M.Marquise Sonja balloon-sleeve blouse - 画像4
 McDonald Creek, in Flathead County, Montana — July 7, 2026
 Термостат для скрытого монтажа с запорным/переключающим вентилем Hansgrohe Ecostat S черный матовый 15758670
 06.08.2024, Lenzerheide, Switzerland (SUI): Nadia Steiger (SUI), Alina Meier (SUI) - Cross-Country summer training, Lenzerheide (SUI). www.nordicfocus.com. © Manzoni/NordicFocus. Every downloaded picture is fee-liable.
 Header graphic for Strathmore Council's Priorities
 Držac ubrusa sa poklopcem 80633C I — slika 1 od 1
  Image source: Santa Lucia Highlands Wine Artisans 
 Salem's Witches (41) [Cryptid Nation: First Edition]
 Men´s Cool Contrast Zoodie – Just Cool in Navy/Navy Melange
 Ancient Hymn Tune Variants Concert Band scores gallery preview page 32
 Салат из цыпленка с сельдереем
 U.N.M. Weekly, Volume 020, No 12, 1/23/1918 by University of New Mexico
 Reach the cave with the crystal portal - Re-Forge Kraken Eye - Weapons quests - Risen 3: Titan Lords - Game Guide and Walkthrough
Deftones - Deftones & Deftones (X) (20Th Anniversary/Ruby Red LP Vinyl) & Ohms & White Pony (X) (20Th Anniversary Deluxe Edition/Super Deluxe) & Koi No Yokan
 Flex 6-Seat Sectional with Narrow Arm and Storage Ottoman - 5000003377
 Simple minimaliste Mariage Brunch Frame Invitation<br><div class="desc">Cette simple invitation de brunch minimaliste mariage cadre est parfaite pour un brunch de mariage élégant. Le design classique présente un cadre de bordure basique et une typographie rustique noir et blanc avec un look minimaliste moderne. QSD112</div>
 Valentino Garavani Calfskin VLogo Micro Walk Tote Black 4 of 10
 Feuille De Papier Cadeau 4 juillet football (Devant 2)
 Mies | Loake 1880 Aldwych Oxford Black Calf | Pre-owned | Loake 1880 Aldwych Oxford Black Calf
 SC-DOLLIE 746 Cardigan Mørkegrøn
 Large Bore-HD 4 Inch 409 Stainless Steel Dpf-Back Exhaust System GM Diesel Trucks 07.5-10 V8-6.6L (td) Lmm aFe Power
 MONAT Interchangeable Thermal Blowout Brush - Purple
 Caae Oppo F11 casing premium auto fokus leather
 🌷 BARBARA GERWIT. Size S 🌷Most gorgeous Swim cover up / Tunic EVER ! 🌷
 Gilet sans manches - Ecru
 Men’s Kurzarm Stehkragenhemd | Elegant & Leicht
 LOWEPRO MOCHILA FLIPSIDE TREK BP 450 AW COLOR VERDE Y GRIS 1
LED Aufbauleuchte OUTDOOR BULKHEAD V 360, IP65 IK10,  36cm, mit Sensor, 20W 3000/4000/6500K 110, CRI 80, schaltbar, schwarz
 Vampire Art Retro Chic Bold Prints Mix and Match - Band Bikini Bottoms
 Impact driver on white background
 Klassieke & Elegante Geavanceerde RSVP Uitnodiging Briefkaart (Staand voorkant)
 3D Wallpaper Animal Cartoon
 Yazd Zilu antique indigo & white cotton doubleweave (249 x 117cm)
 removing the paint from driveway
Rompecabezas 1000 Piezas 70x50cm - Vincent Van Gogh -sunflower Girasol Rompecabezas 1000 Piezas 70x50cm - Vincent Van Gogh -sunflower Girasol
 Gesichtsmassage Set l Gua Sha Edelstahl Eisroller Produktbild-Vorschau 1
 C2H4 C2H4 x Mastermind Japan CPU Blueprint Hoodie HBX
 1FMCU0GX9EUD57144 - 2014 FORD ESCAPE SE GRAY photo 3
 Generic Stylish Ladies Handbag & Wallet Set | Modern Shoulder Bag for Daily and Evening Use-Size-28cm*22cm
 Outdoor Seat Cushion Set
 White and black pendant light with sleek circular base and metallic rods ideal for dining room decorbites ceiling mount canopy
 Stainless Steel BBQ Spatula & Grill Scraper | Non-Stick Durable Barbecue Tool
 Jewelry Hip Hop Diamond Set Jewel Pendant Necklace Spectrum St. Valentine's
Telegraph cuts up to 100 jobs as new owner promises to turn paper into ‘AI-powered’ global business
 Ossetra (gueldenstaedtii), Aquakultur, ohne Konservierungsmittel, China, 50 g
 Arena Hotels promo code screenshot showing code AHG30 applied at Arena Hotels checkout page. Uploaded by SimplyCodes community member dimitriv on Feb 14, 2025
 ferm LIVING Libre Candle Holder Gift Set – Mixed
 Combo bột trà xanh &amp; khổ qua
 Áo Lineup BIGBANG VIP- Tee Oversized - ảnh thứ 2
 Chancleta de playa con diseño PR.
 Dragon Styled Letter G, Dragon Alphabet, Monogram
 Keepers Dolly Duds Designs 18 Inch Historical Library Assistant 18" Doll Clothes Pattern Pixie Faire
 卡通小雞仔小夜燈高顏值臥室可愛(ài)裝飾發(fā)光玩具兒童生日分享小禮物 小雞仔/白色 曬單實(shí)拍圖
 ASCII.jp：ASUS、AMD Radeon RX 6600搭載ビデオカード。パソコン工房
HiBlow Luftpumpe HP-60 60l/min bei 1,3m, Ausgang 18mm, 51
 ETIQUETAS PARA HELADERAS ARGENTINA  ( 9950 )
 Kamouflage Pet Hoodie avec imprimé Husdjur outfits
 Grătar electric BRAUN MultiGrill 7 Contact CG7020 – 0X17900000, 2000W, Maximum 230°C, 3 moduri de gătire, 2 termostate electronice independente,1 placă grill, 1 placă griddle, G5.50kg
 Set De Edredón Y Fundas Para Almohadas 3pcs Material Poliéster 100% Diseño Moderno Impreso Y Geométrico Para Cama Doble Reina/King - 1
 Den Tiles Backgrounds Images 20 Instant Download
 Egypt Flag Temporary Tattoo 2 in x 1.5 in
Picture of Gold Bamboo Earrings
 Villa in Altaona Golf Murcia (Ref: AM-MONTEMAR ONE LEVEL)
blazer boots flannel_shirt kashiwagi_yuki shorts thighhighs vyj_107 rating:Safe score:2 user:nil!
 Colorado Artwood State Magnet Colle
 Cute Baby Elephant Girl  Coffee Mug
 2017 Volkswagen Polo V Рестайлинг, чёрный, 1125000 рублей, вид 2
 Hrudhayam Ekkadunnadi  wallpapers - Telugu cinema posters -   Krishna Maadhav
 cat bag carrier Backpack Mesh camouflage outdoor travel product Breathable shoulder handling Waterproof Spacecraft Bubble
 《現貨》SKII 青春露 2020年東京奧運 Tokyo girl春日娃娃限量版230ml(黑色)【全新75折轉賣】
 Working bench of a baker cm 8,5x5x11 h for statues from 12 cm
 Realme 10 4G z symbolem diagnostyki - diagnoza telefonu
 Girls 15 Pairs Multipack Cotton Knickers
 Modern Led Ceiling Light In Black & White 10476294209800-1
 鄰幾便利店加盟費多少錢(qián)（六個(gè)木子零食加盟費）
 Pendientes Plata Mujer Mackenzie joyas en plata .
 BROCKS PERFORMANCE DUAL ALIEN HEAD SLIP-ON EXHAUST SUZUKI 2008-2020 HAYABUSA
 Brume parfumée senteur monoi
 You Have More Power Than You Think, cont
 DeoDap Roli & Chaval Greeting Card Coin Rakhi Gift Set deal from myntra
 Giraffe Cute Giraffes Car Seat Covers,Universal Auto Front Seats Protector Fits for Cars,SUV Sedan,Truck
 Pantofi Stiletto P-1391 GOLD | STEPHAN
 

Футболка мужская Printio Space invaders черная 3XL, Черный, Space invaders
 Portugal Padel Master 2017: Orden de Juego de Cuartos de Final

•••

:: EXERCISE GOAL ::
Give back precisely the lines above that start at the line containing "Pendientes Plata Mujer" and end at the line containing "You Have More Power Than You Think, cont", inclusive. No other lines belong in the output.

:: TASK RESULT ::
 Pendientes Plata Mujer Mackenzie joyas en plata .
 BROCKS PERFORMANCE DUAL ALIEN HEAD SLIP-ON EXHAUST SUZUKI 2008-2020 HAYABUSA
 Brume parfumée senteur monoi
 You Have More Power Than You Think, cont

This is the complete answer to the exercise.